■ SUPPLIED ENTRIES ■
+++
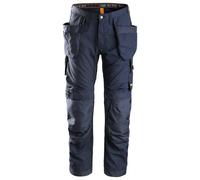 Pantalón trabajo unisex snickers allroundwork - azul marino - talla 58 extra larga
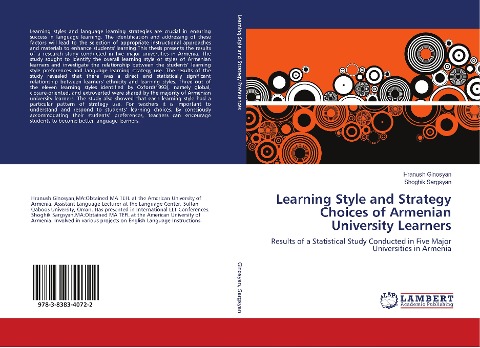 Learning Style and Strategy Choices of Armenian University Learners: Results of a Statistical Study Conducted in Five Major Universities in Armenia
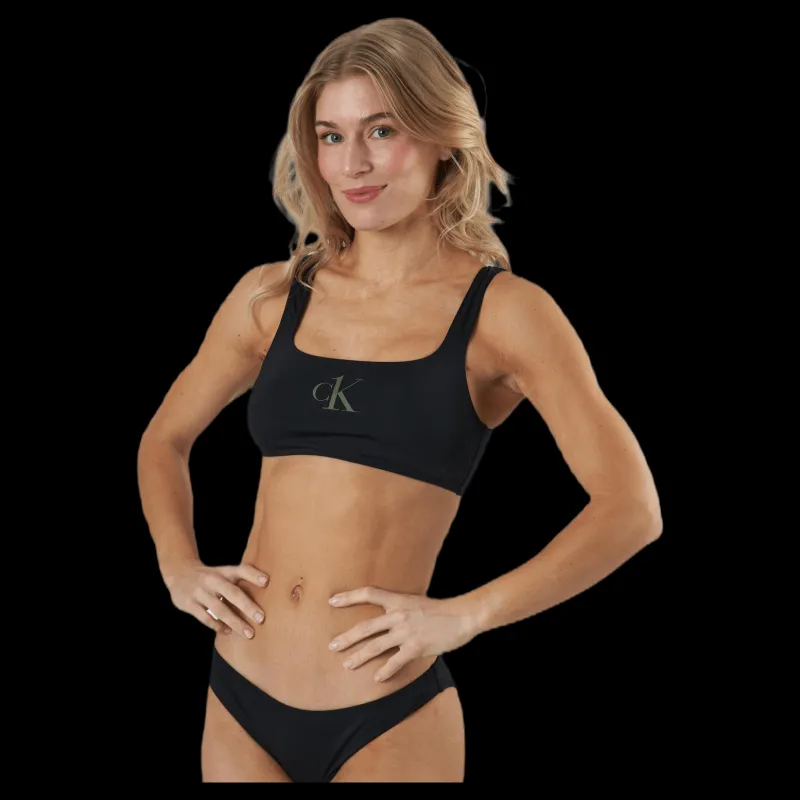 Discount Calvin Klein Ck One Bralette Black Svart
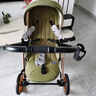 唯乐宝鲸灵婴儿推车可坐可躺婴儿车0-3-6岁用新生儿避震双向轻便高景观 【三代】摩卡绿+遮阳+脚套 实拍图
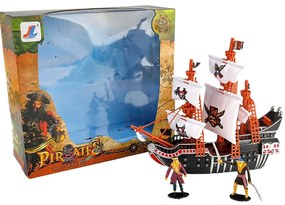 Πειρατικό Καράβι Μεσαίο Με Πειρατές Σε Κουτί 32x11x29εκ. Toy Markt 71-3239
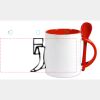 Keramiktasse mit Löffel 11oz, DURAGLAZE Miniaturansicht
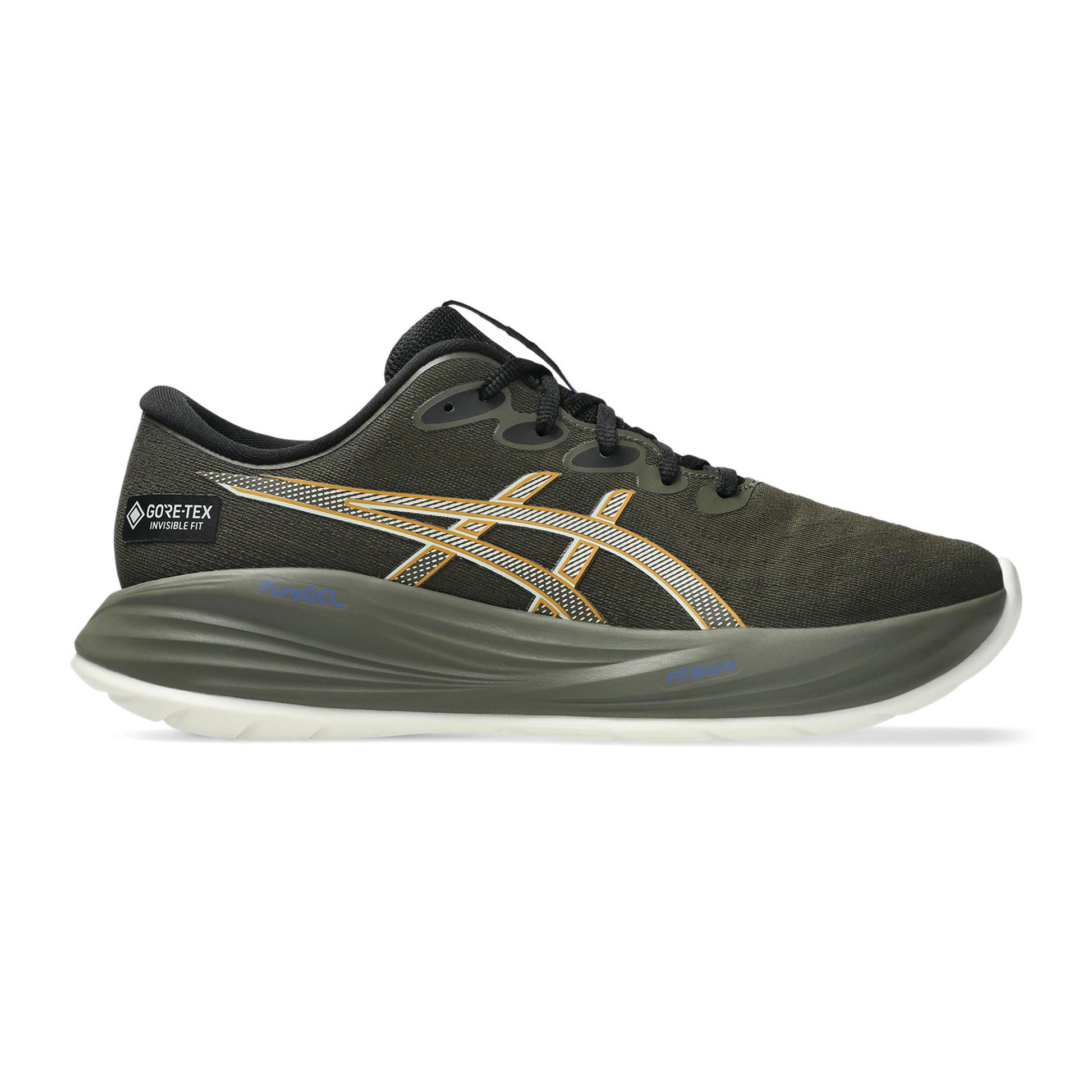 ASICS Gel-Cumulus 27 GTX Neutrale schoen Heren-olijf, karamel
+++
■ AIM OF THE EXERCISE ■
Reproduce the lines from the one with "唯乐宝鲸灵婴儿推车可坐可躺婴儿车0-3-6岁用新生儿避震双向轻便高景观 【三代】摩卡绿+遮阳+脚套 实拍图" through the end of the data, keeping both end lines, adding nothing, and dropping any pictures.

■ ANSWER SECTION ■
 唯乐宝鲸灵婴儿推车可坐可躺婴儿车0-3-6岁用新生儿避震双向轻便高景观 【三代】摩卡绿+遮阳+脚套 实拍图
 Πειρατικό Καράβι Μεσαίο Με Πειρατές Σε Κουτί 32x11x29εκ. Toy Markt 71-3239
 Keramiktasse mit Löffel 11oz, DURAGLAZE Miniaturansicht
 ASICS Gel-Cumulus 27 GTX Neutrale schoen Heren-olijf, karamel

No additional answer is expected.